CVE-2025-53830
CRITICALAnti-Virus for ownCloud is an anti-virus application for file storage, synchronization, and sharing application ownCloud. Versions of Anti-Virus for ownCloud before 1.2.3 are vulnerable…
Description
Anti-Virus for ownCloud is an anti-virus application for file storage, synchronization, and sharing application ownCloud. Versions of Anti-Virus for ownCloud before 1.2.3 are vulnerable to Server-Side Request Forgery (SSRF). This corresponds to versions of ownCloud 10 prior to 10.15.3. Upgrade ownCloud 10 to version 10.15.3 or later or upgrade Anti-Virus for ownCloud 10 to version 1.2.3 or later to receive a fix.
Detection & mitigation playbook
VulnerabilityDetect
Scan your dependency tree (package-lock.json, pnpm-lock.yaml, requirements.txt, go.sum, etc.) for the affected component. O3's reachability analysis confirms whether the vulnerable code path is actually invoked in your application, so you act on real exposure instead of every transitive match.
Remediation status
No patched version of the affected component has shipped for CVE-2025-53830 yet. Where your build allows, override or pin the dependency away from the vulnerable range, and apply any maintainer-recommended mitigation.
Mitigate without a patch
If you can't upgrade right away: gate or disable the affected feature, validate untrusted input at the boundary, and avoid passing attacker-controlled data into the vulnerable path. O3's runtime protection blocks exploitation in production as an interim safeguard until the upgrade lands.
How O3 protects you
O3 pinpoints whether CVE-2025-53830 is reachable in your code and exactly where to fix it, then blocks exploitation in production at runtime until the patched version is deployed.

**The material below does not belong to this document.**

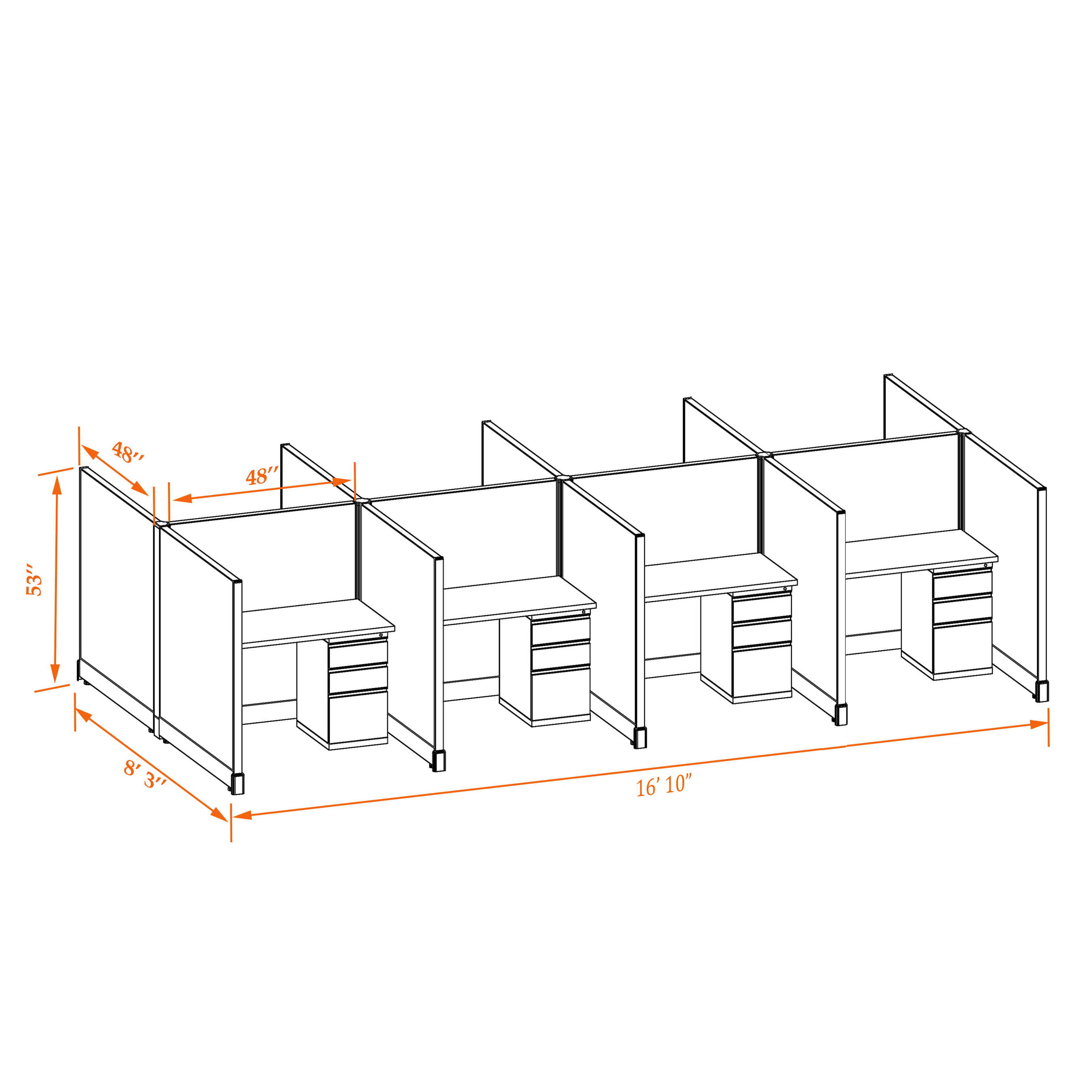 Office cubicle desk 53HU 44 8PC 1 2 Office cubicle desk 53HU 44 8PC 1 2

Tailored to CVE-2025-53830. Runtime protection reduces exposure until a permanent patch is applied and verified — it complements patching, it doesn't replace it.
Frequently Asked Questions
Is CVE-2025-53830 in your dependencies?
O3 detects CVE-2025-53830 across dependencies and uses function-level reachability to confirm whether the vulnerable code path is actually reachable — not just present. No false positives.